And I agree. One must live by her own moral code, not follow like a sheep, blindly.
“Molly, what are you doing here?” Mr. Snow asked when I showed up for work the day after Gran died. “I’m so sorry for your loss. Mr. Preston told me that your grandmother passed away yesterday. I already called in a replacement for your shift. I assumed you’d take today off.”
“Mr. Snow, why did you assume?” I asked. “As Gran used to say, when you assume, you make an A-S-S out of U and ME.”
Mr. Snow looked like he was going to regurgitate a mouse. “Please accept my condolences. And are you sure you don’t want the day off?”
“It was Gran who died, not me,” I replied. “The show must go on, you know.”
His eyes widened, which perhaps suggests shock? I’ll never understand it—why people find the truth more shocking than lies.
Still, Mr. Snow relented. “As you wish, Molly.”
A few minutes later, I was downstairs in one of the housekeeping change rooms donning my maid’s uniform as I do every day, as I did just this morning, as I’ll do tomorrow even though someone else—not my gran—died today. And not at home but at the hotel.
Yes. That’s right. Today at work, I found a guest very dead in his bed. Mr. Black.
The
Mr. Black. Other than that, my workday was as normal as ever.
Isn’t it interesting how one seismic event can change your memory
of what occurred? Workdays usually slide together, the daily tasks blending into one another. The trash bins I empty on the fourth floor meld into those on the third. I would swear I’m cleaning Suite 410, the corner room that overlooks the west side of the street, but actually I’m at the other end of the hotel, in Room 430, the east-side corner room, which is the mirror inverse of Suite 410. But then something out of the ordinary occurs—such as finding Mr. Black very dead in his bed—and suddenly the day crystalizes, turns from gas to solid in an instant. Every moment becomes memorable, unique from all the other days of work that came before.
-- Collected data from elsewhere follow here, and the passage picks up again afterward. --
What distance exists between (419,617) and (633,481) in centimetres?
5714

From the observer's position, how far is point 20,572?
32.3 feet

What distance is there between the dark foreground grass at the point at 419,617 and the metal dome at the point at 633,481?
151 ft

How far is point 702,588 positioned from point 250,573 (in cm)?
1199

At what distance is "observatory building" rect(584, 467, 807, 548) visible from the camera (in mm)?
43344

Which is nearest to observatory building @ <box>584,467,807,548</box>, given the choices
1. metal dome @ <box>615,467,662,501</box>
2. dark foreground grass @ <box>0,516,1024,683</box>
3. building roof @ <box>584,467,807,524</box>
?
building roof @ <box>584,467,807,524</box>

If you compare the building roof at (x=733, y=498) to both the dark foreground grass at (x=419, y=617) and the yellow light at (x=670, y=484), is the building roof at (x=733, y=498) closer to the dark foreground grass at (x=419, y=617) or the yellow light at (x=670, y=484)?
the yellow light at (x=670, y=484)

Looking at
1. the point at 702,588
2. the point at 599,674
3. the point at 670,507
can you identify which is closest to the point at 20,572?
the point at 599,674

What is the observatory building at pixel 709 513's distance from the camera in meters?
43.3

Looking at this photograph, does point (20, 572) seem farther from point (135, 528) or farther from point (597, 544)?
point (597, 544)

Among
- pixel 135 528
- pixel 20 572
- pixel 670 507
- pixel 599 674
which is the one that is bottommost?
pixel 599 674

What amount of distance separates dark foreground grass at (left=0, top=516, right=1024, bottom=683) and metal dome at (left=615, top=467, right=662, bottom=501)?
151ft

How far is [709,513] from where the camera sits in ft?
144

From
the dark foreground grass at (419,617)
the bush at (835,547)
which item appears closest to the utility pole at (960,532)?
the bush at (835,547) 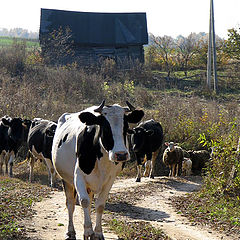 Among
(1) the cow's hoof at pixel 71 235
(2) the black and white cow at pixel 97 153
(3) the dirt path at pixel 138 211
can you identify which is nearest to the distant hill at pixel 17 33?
(3) the dirt path at pixel 138 211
It was today, around three in the afternoon, nearing the end of my shift, when the seismic event occurred. I’d cleaned all of my assigned rooms already, including the Blacks’ penthouse on the fourth floor, but I needed to return to the suite to finish cleaning their bathroom.
Don’t think for a moment that I’m sloppy or disorganized in my work just because I cleaned the Black penthouse twice. When I clean a room, I attack it from top to bottom. I leave it spotless and pristine—no surface left unwiped, no grime left behind.
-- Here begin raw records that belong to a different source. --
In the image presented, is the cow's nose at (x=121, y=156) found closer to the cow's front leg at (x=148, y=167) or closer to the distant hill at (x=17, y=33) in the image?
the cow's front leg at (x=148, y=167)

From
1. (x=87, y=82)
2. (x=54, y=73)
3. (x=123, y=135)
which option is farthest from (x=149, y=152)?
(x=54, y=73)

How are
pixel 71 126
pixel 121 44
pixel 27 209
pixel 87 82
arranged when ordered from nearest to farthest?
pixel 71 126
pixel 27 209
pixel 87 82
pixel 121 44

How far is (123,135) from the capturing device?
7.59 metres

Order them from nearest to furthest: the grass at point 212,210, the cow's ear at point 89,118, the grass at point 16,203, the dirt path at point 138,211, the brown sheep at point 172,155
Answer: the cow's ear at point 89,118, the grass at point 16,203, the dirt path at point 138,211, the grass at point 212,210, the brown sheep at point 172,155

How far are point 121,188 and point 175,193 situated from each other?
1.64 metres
Cleanliness is next to godliness,
my gran used to say, and I believe that’s a better tenet to live by than most. I don’t cut corners, I shine them. No fingerprint left to erase, no smear left to clear.
So it’s not that I simply got lazy and decided
not
to clean the Blacks’ bathroom when I scoured the rest of their suite this morning.
Au contraire,
the bathroom was guest-occupied at the time of my first sanitation visit. Giselle, Mr. Black’s current wife, hopped in the shower soon after I arrived. And while she granted me permission (more or less) to clean the rest of the penthouse while she bathed, she lingered for rather a long time in the shower, so much so that steam began to snake and billow out of the crack at the bottom of the bathroom door.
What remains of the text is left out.